Hingga pada 20 Desember 1999, setelah ditolak tahun 1974 karena dinilai tak seprospek Hong Kong, Macau resmi bergabung ke China. Saat itulah, kekerasan mulai reda, perekonomian menggeliat, pariwitsata bangkit. Jadi, meski luasnya tidak sampai 24 kilometer persegi, Macau bisa mendatangkan 10 juta turis setiap tahunnya.
Ingat, pariwisata Macau tak hanya menjual masa lalu juga menjual ”masa kini”, seperti iven Grand Prix. Dan untuk memantapkan langkahnya, sejak Desember 2001, di ulang tahun ke-2 penyerahan kembali Macau ke China, Macau Tower setinggi 338 meter, pun berdiri dan menjadi menara tertinggi ke-8 di Asia, dan ke-10 di dunia.
Dengan 70 dolar Hong Kong (kalikan Rp1.200) kita bisa menuju lantai teratas, lantai 58, dengan lift dalam hitungan detik. Dari sini seluruh kota Macau bisa dilihat, bahkan sampai Zhuhai, kota yang terletak di China daratan. Macau Tower juga emmiliki restoran berputar.
Wisata masa kini tersebut ada, khususnya setelah RRC mengizinkan judi beroperasi di Macau dan mengundang investor-investor Amerika Serikat untuk membuat pusat judi dan resor mewah. Sebenarnya kebijakan RRC ini, hanya melanjutkan kebijakan Portugis, yang sejak tahun 1850-an, melegalkan judi di Macau.
Tak hanya itu, Macau juga mengembangkan berbagai industri seperti tekstil, elektronik dan mainan, serta menciptakan industri pariwisata kelas dunia dengan pilihan luas untuk hotel, resor, fasilitas olahraga, restoran dan kasino.
Meski demikian, tetap saja ekonomi Macau berkaitan erat dengan Hong Kong dan Provinsi Guangdong, khususnya dengan daerah Pearl River Delta, yang disebut salah satu dari ”macan kecil” Asia. Macau kini juga menyediakan pelayanan keuangan dan perbankan, pelatihan staf, dukungan transportasi dan komunikasi.

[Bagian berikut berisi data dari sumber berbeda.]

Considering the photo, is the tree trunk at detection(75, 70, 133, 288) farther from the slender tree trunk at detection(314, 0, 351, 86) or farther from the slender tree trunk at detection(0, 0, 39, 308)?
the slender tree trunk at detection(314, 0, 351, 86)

Kantor Berita AP melansir, investor pun makin berdatangan. Pada 28 Agustus 2008 lalu, misalnya, sebelum dampak krisis global terasa ke wilayah Asia, Las Vegas Sands Corporation (LVSC) meresmikan Four Seasons Hotel Macao. Itu persis setahun setelah membuka The Venetian Hotel. Ini hotel kedua mereka di Cotai Strip, daratan hasil reklamasi di antara Pulau Colaine dan Taipa.
Para investor berkantong tebal inilah yang ikut menggerakkan ekonomi Macao. Bahkan, pada tahun 2006, total pendapatan kasino di wilayah dengan luas kurang dari seperenam kota Washington DC itu mampu melewati perolehan bisnis judi di Las Vegas.
”Siapa saja boleh berjudi di sini, asal bukan pegawai negeri,” jelas Ester.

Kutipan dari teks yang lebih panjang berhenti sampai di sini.